SECTION 22. Section 41-75-11, Mississippi Code of 1972, is amended as follows:
41-75-11. The licensing agency after notice and opportunity for a hearing to the applicant or licensee is authorized to deny, suspend or revoke a license in any case in which it finds that there has been a substantial failure to comply with the requirements established under this chapter, specifically including the provisions of the Mississippi Patient Safety Act, Sections 1 through 20 of Senate Bill No. 2078, 2007 Regular Session. Such notice shall be effected by registered mail, or by personal service setting forth the particular reasons for the proposed action and fixing a date not less than thirty (30) days from the date of such mailing or such service, at which time the applicant or licensee shall be given an opportunity for a prompt and fair hearing. On the basis of any such hearing, or upon default of the applicant or licensee, the licensing agency shall make a determination specifying its findings of fact and conclusions of law. A copy of such determination shall be sent by registered mail or served personally upon the applicant or licensee. The decision revoking, suspending or denying the license or application shall become final thirty (30) days after it is so mailed or served, unless the applicant or licensee, within such thirty (30) day period, appeals the decision to the chancery court in the county in which such facility is located in the manner prescribed in Section 43-11-23, Mississippi Code of 1972. The procedure governing hearings authorized by this section shall be in accordance with rules promulgated by the licensing agency. A full and complete record shall be kept of all proceedings, and all testimony shall be recorded but need not be transcribed unless the decision is appealed pursuant to Section 43-11-23, Mississippi Code of 1972. Witnesses may be subpoenaed by either party. Compensation shall be allowed to witnesses as in cases in the chancery court. Each party shall pay the expense of his own witnesses. The cost of the record shall be paid by the licensing agency provided any other party desiring a copy of the transcript shall pay therefor the reasonable cost of preparing the same.
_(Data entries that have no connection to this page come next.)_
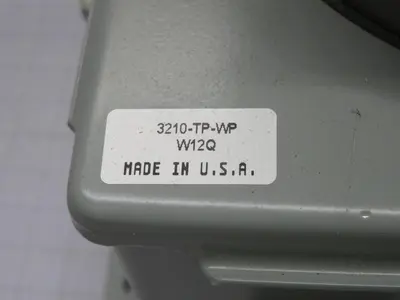 Used DWYER 3210-TP-WP W12Q Misc Electrical & Power Parts Texas US | Aucto #1453359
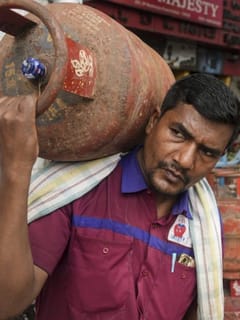 ਘਰੇਲੂ LPG ਸਿਲੰਡਰ ਦਾ ਰੰਗ ਲਾਲ ਕਿਉਂ ਹੁੰਦਾ ਹੈ?...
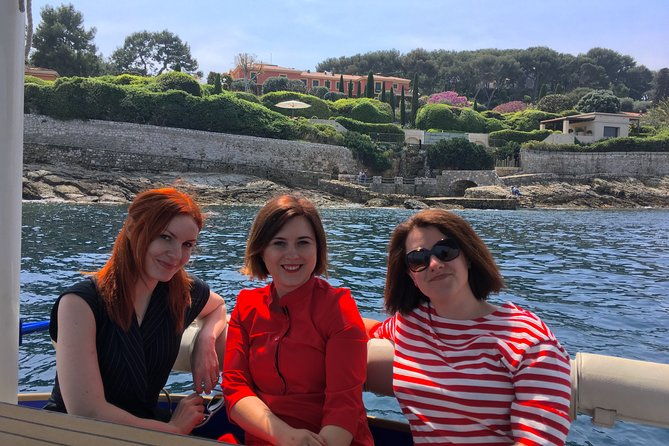 private-cruise-near-nice-and-monaco-with-solar-powered-boat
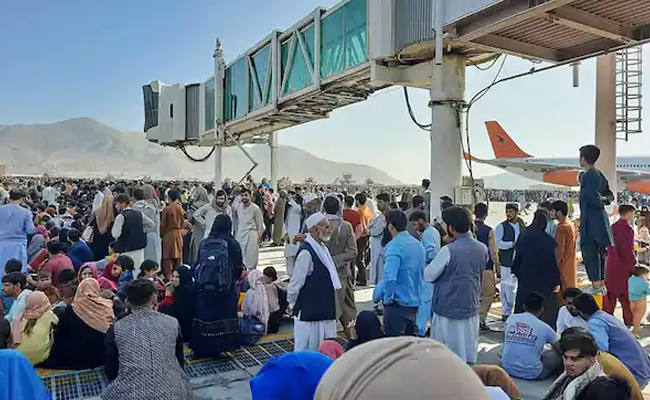 gunfire at kabul airport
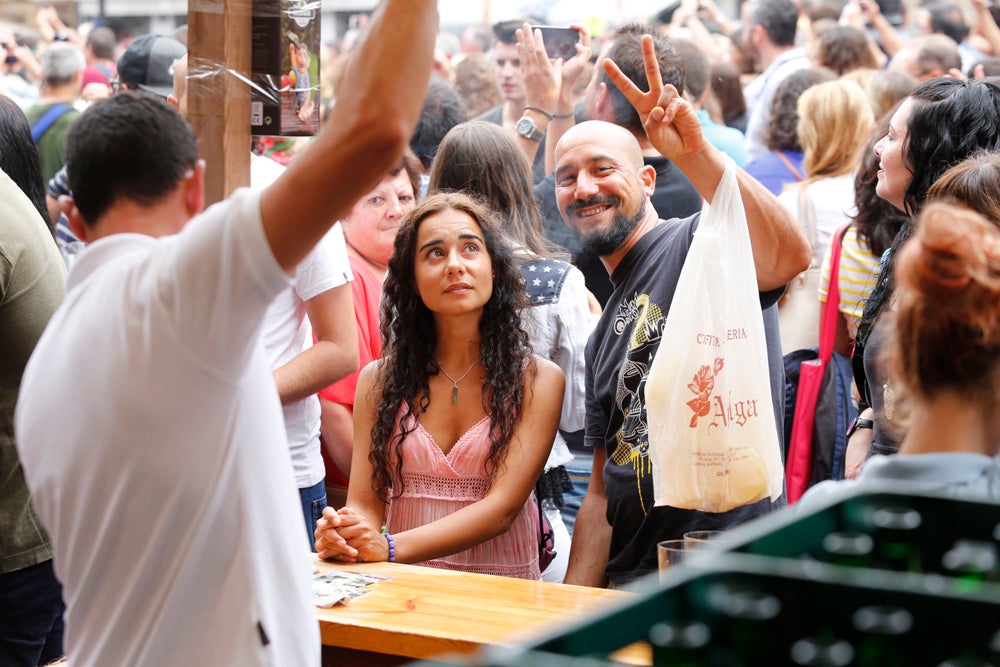 La Fiesta de la Sidra Natural se despide hasta el año que viene despachando cientos de botellas, premiando a los mejores llagareros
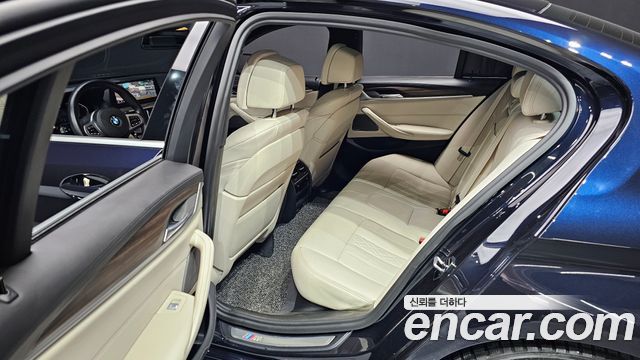 BMW 5-Series 520i M Sport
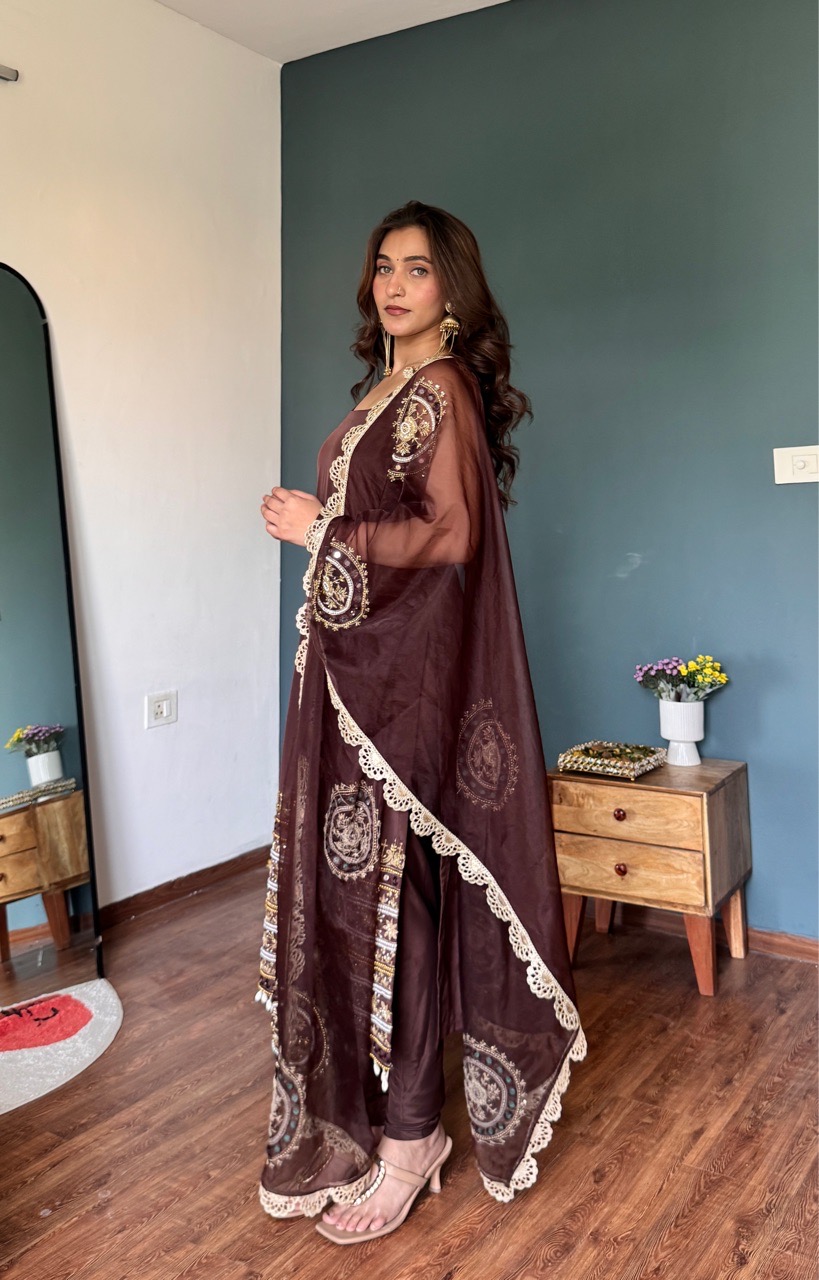 ‘Ada’ Light suit set - Brown view 3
SECTION 23. Section 41-9-63, Mississippi Code of 1972, is amended as follows:
41-9-63. All hospitals, their officers or employees and medical and nursing personnel practicing therein, shall with reasonable promptness prepare, make and maintain true and accurate hospital records complying with such methods and minimum standards as may be prescribed from time to time by rules and regulations adopted by the licensing agency, which shall specifically include the requirements of the Mississippi Patient Safety Act, Sections 1 through 20 of Senate Bill No. 2078, 2007 Regular Session.
SECTION 24. This act shall take effect and be in force from and after July 1, 2007.